Records supplied:
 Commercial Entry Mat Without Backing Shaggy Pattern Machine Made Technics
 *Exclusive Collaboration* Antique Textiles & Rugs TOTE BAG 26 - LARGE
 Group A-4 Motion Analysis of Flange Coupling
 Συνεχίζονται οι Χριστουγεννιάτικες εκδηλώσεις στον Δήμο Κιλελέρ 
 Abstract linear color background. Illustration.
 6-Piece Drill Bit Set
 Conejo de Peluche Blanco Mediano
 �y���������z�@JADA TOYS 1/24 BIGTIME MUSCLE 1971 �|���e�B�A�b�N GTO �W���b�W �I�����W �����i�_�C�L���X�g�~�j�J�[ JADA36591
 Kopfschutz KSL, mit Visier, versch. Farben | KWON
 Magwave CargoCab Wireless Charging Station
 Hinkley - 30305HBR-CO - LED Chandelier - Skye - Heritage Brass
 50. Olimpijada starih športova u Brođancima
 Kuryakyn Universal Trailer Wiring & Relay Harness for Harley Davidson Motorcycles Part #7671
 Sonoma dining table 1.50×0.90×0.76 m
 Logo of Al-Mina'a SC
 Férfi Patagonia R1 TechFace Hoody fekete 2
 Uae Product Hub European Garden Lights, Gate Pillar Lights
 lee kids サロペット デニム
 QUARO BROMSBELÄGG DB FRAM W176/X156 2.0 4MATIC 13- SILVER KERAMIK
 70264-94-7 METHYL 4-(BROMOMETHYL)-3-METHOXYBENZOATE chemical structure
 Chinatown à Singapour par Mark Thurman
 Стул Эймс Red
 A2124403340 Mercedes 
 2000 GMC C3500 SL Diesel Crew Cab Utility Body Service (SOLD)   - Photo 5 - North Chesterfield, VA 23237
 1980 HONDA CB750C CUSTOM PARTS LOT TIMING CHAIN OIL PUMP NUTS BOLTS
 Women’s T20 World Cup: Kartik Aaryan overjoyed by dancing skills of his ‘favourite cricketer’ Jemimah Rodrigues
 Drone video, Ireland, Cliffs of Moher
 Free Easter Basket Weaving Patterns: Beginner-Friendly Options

Assignment: Word for word, copy the line containing "1980 HONDA CB750C" and each line after it to the end of the records, and nothing besides.

The answer:
 1980 HONDA CB750C CUSTOM PARTS LOT TIMING CHAIN OIL PUMP NUTS BOLTS
 Women’s T20 World Cup: Kartik Aaryan overjoyed by dancing skills of his ‘favourite cricketer’ Jemimah Rodrigues
 Drone video, Ireland, Cliffs of Moher
 Free Easter Basket Weaving Patterns: Beginner-Friendly Options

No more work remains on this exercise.